How long does it usually take for the ADGA to get back my registration papers after a transfer !?! I sent them out a week or too ago!


----------



## llazykllamas (Dec 20, 2012)

On the website there is a block that says what date they are caught up to. Something like: work recieved by mo/date/ year complete.


----------



## Goats Rock (Jun 20, 2011)

Generally, it takes about 3 weeks, give or take a couple of days. At this time of the year with all the kidding going on,
it might take longer. (Or, maybe they hired more help and it will take less?) But count on 3 weeks from the time you mailed it.


----------



## clearwtrbeach (May 10, 2012)

I would think 3 wks would be a fair time estimate. Like mentioned you can look on the site and see where they are on processing incoming work.

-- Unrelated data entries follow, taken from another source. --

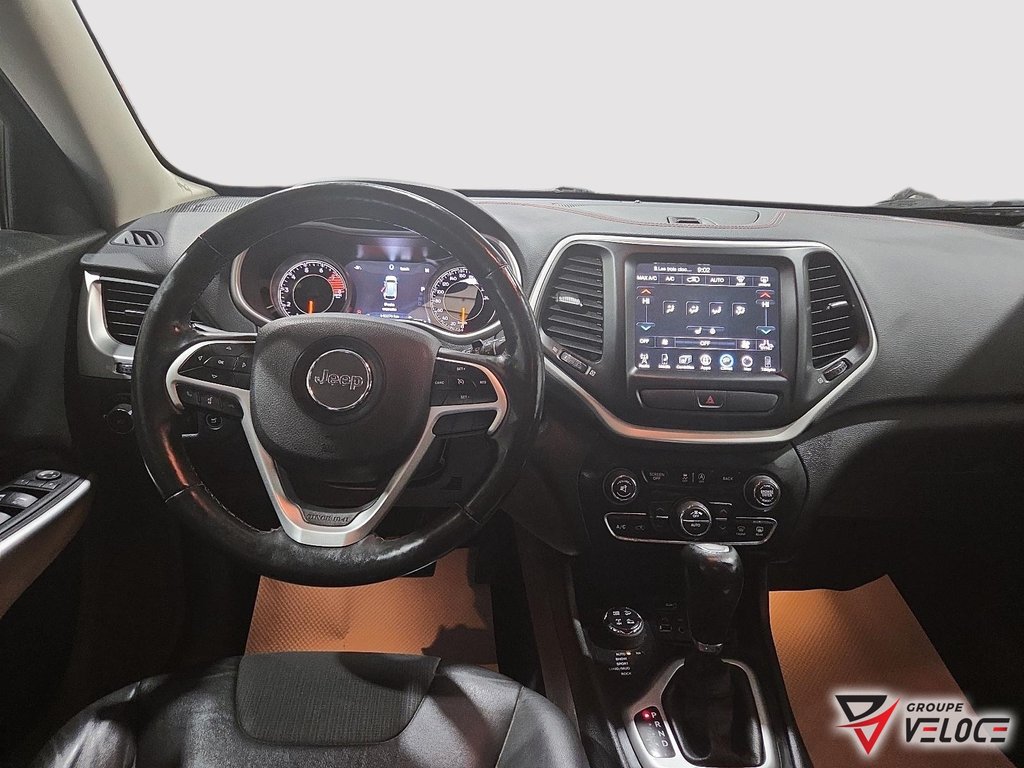 Jeep Cherokee Trailhawk *V6. CUIR, TOUT ÉQUIPÉ* 2018 à Rivière-du-Loup, Québec - 9 - w1024h768px
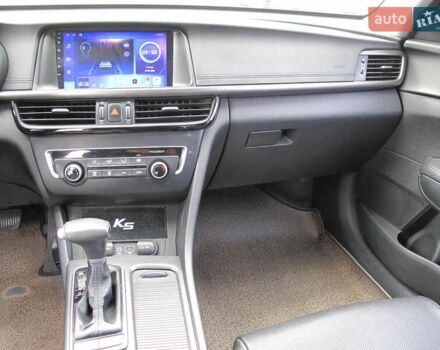 Серый Киа K5, объемом двигателя 2 л и пробегом 327 тыс. км за 11600 $, фото 38 на Automoto.ua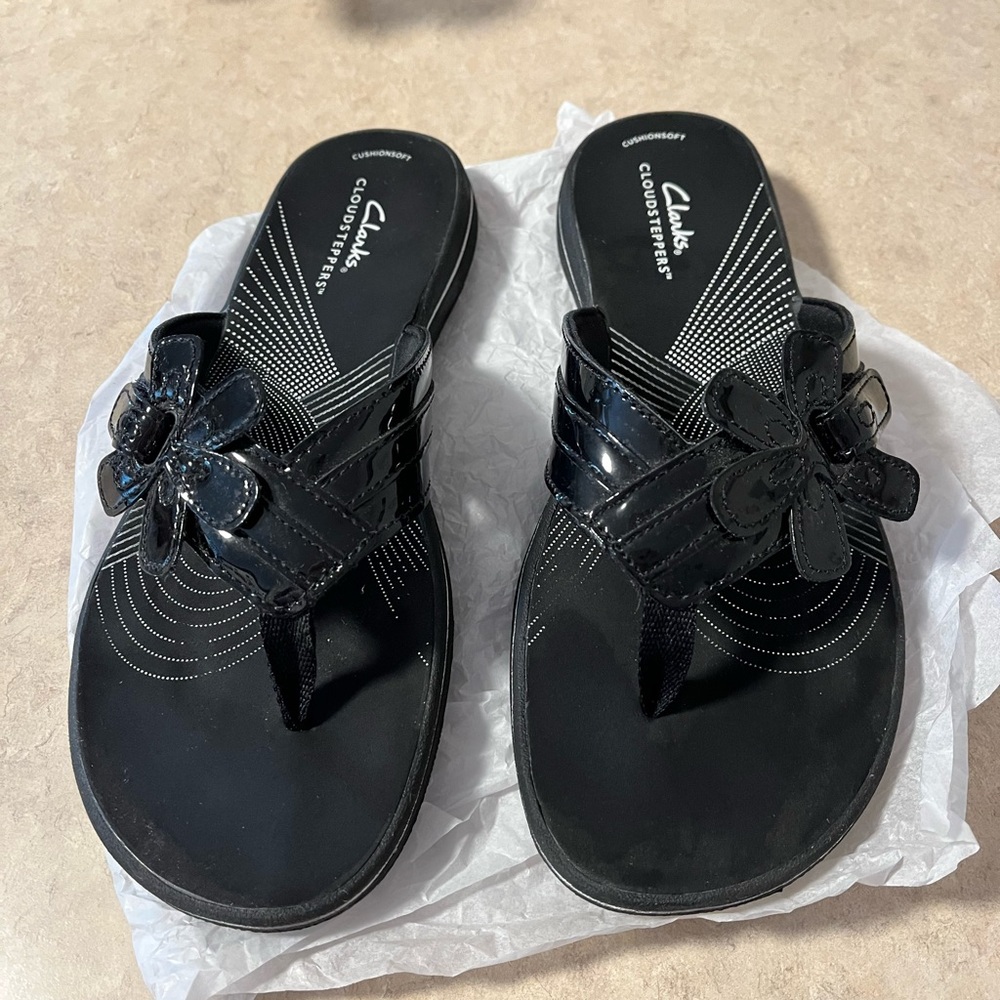 Clarks Women's Brinkley Flora Flip Flops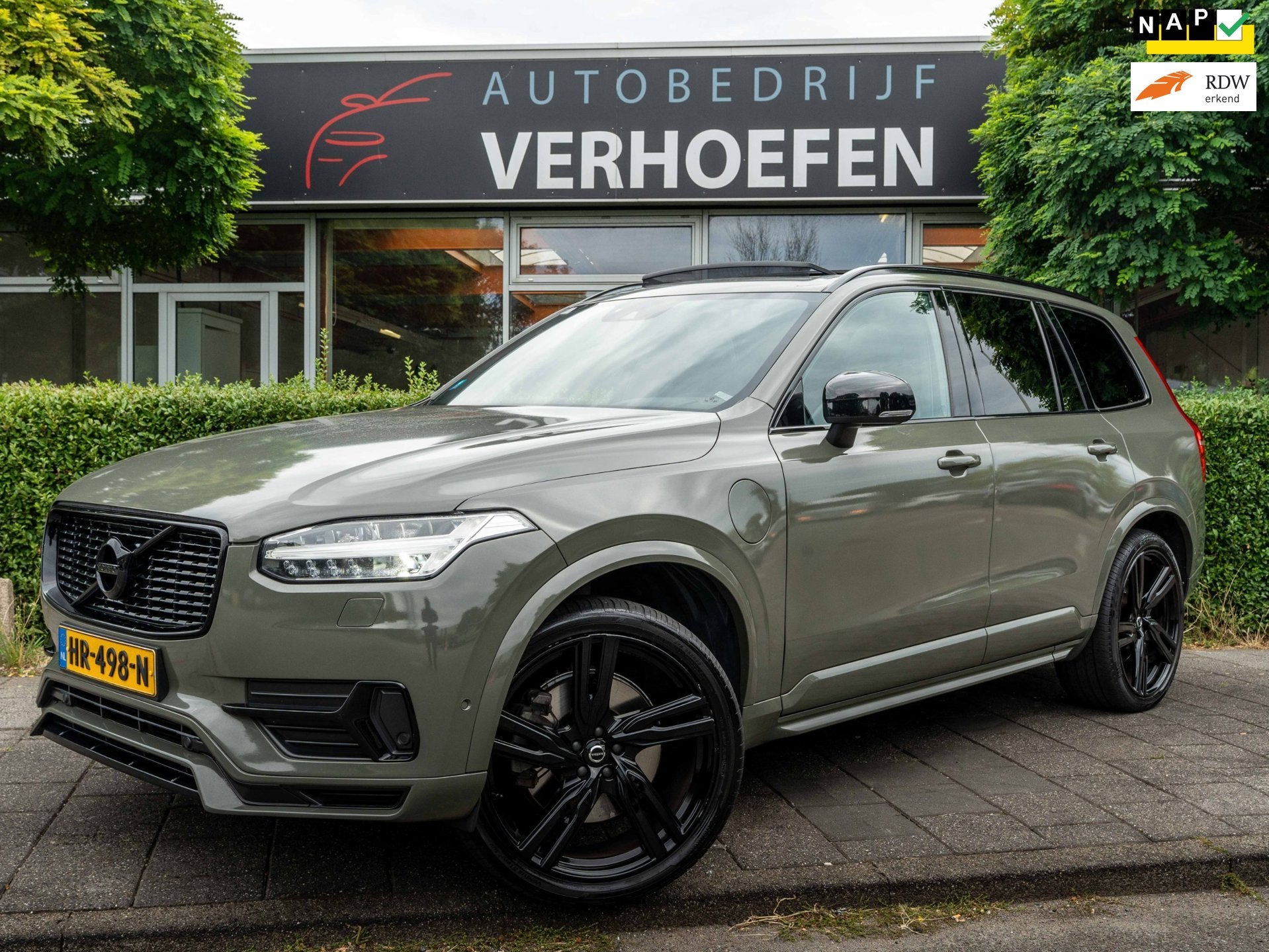 Volvo XC90 2.0 T8 Twin Engine AWD R-DESIGN - PANORAMADAK - 7, Auto's, Dealer onderhouden, Gebruikt, 1969 cc, 7 stoelen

I'd have to look again, if you are a member and the animals are ones you have registered and kids you bred- I think you can do it online now.?.


----------



## sarahmoffatt (Feb 17, 2013)

Well i got all my paperwork sent back to me because i must of put the wrong date down i put 1012 not 2013 gurrrrrrrrrrr why am i so dumb!!!!;( hah another 3 weeks later and i will finally own goats!


----------